What you will do
Please give the whole listing again word for word, and drop any pictures it holds.

Provided data
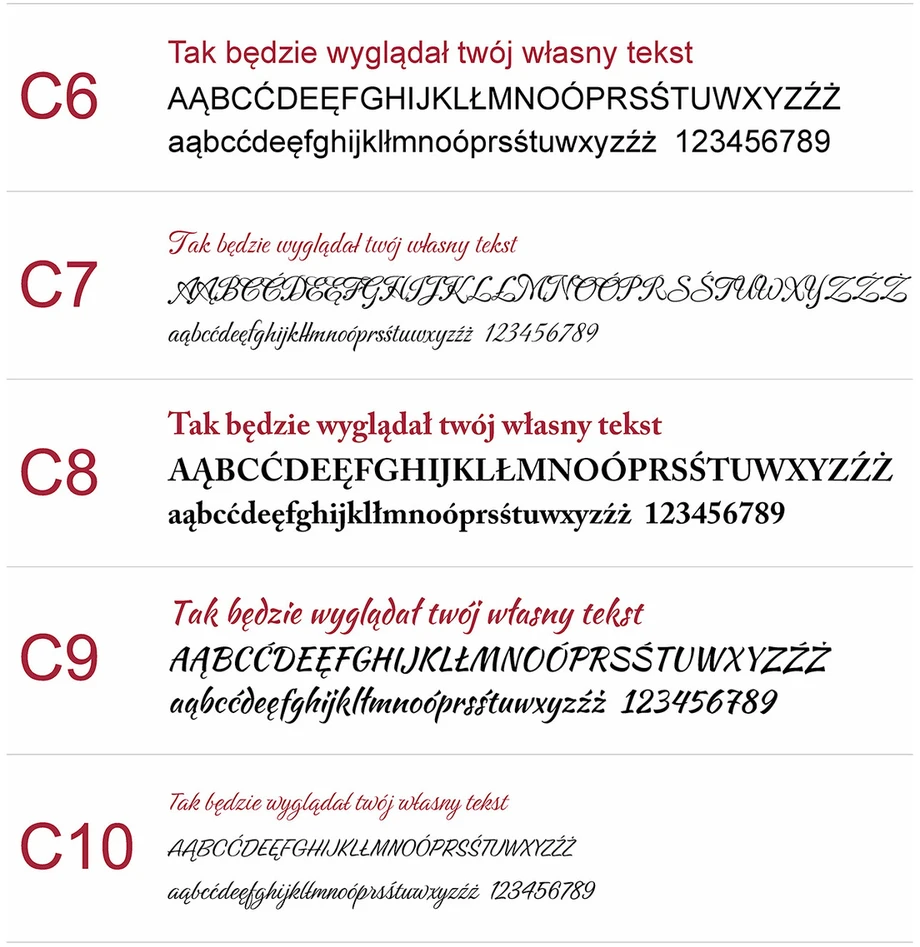 Skórzany Pakabutis serce su Twoim napisem personalizowany prezent E25s164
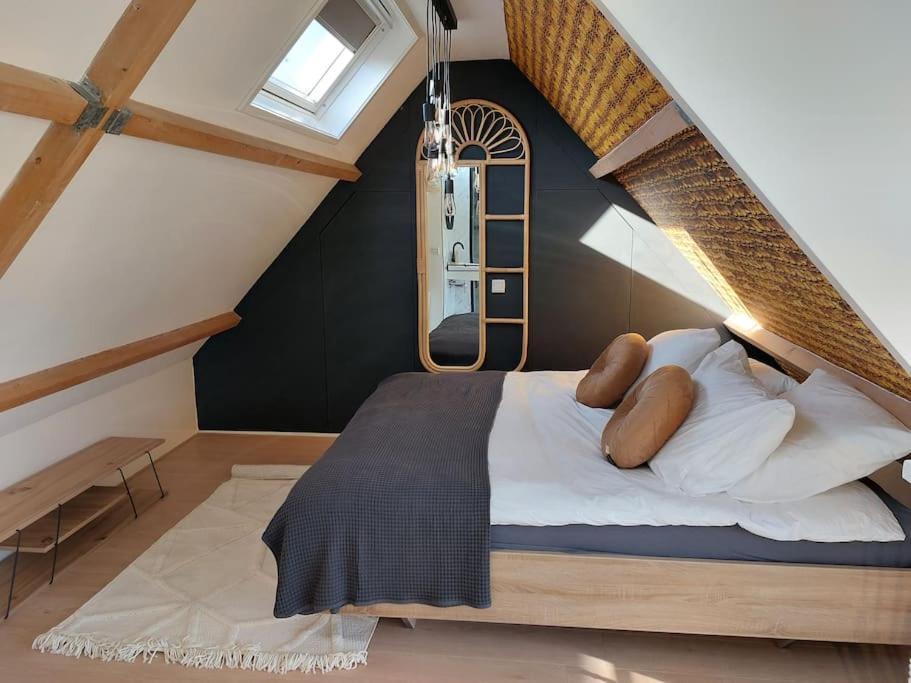Ferienwohnung Tiny House Wakker Eemnes Exterior foto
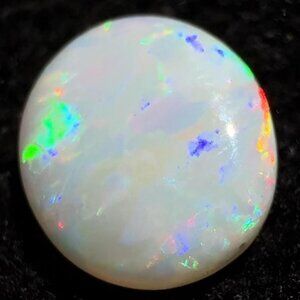 Australian Opal Cabochon - 1.08 carats in Display Box #157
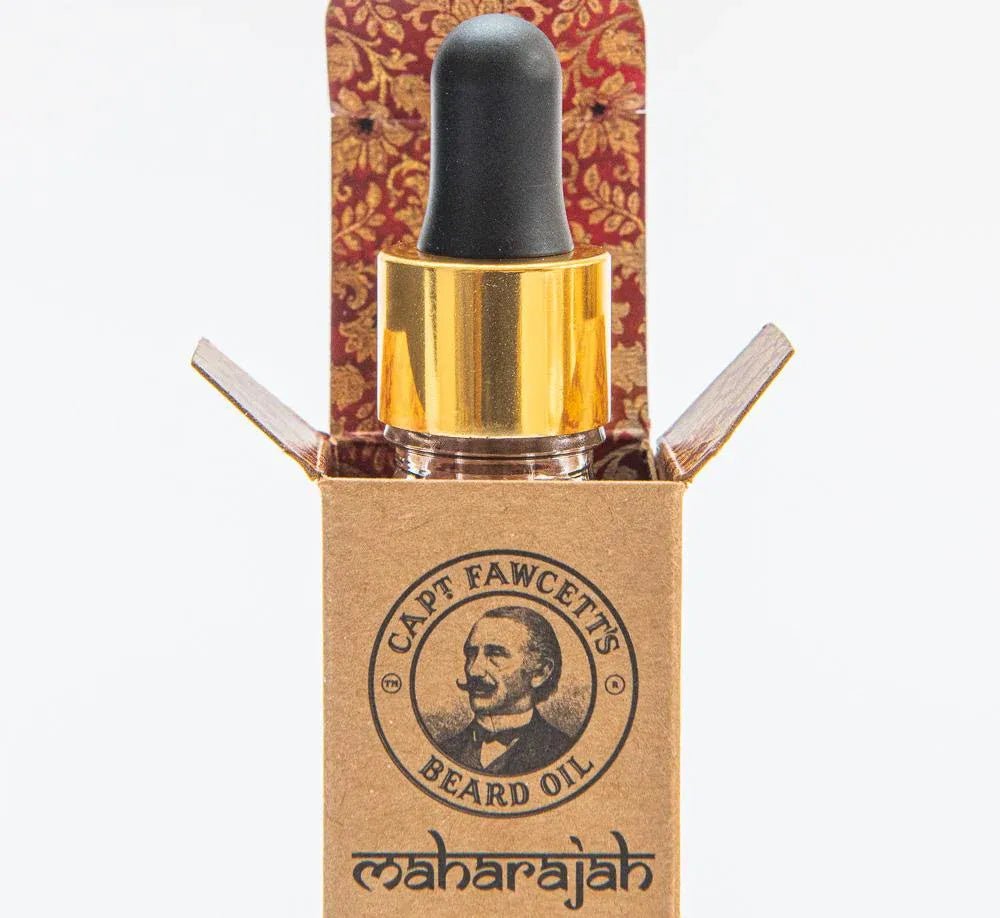 Captain Fawcett Maharajah Beard Oil Small - Lockhart's Authentic Grooming Company, LLC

Exercise result
 Skórzany Pakabutis serce su Twoim napisem personalizowany prezent E25s164
Ferienwohnung Tiny House Wakker Eemnes Exterior foto
 Australian Opal Cabochon - 1.08 carats in Display Box #157
 Captain Fawcett Maharajah Beard Oil Small - Lockhart's Authentic Grooming Company, LLC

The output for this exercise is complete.